Authority, not bigotry
Yesterday afternoon, Andrew Sullivan wrote:
It’s time to realize that social conservatives who oppose equality in marriage, who defend the closet, and whose main response to emerging gay identity is to block its integration into the family are actually fostering divorce, disease, distrust and social disintegration. If it’s not merely driven by bigotry and discomfort, why?
This bothered me quite a bit – of course there are reasons why people oppose gay rights (or “rights”, depending on where you stand) that go beyond “bigotry and discomfort”. I had originally written an angry post to this effect, but I decided to take it down. Now I see that James Poulos has more than done the trick, albeit inadvertently:
“Mine” or “Ours” are two answers to the question “By what authority?” that a strong concept of the sacred renders inadequate — not necessarily unnecessary; merely, or certainly, insufficient. Indeed the authority of the sacred is at its strongest when the authority of the self and the authority of a sacred union and the authority of a community of the sacred are asserted — as incarnations of divine authority.
So I myself am short of strong arguments as to why gay unions should be understood as sacred, but I am full of strong arguments as to why I or anyone else is disentitled to make that argument on anything other than the internal terms of one or another sacred authority.
Now, Poulos goes on to point out that such appeals to divine or sacred authority are very often problematic, and can easily be called into question. Having chosen to submit oneself to a certain authority is a far cry from being in a position appropriately to demand that our communal and social traditions be made to square with it. This seems quite right to me, and it is why I don’t, at the end of the day, fashion myself to be much of an opponent of gay marriage and the like. But if I were one, or were more of one than I am, it certainly wouldn’t be because of “bigotry and discomfort”.

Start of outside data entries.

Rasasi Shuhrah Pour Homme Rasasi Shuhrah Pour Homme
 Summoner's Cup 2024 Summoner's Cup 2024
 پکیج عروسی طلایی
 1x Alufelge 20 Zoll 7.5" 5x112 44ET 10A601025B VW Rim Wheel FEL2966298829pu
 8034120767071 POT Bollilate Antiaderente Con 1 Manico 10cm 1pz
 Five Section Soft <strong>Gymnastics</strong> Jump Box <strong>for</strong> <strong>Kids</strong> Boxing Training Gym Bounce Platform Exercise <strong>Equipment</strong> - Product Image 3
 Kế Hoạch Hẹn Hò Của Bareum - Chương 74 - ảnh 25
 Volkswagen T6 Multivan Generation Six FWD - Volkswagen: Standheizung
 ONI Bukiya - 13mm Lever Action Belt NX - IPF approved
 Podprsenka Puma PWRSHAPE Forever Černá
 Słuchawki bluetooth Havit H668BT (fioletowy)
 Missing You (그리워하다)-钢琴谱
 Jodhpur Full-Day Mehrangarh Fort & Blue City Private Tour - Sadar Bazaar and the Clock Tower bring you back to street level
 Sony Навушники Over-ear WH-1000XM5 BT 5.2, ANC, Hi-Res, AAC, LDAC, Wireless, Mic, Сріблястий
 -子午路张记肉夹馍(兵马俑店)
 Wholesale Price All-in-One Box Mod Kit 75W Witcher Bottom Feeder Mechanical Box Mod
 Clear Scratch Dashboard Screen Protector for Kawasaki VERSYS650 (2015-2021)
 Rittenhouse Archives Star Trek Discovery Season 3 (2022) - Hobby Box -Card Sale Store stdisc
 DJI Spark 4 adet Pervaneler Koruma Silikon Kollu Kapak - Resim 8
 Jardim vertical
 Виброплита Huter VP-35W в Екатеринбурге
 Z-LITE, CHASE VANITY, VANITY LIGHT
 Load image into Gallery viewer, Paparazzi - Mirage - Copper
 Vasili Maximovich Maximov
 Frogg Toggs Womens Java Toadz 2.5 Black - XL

Put another way: while there is no doubt that the kinds of motives and goals that Sullivan attributes to the anti-gay-rights movement are shared by many partisans of it, it’s also obvious as day that they’re not had by all of them. To hind behind a rhetorical question as a way of pretending that one doesn’t know this, and so to paint huge numbers of thoughtful, well-meaning people with the same brush as a bunch of knee-jerk fag-haters, is irresponsibility of the worst sort, and is exactly the sort of thing that keeps our political discourse stuck in neutral.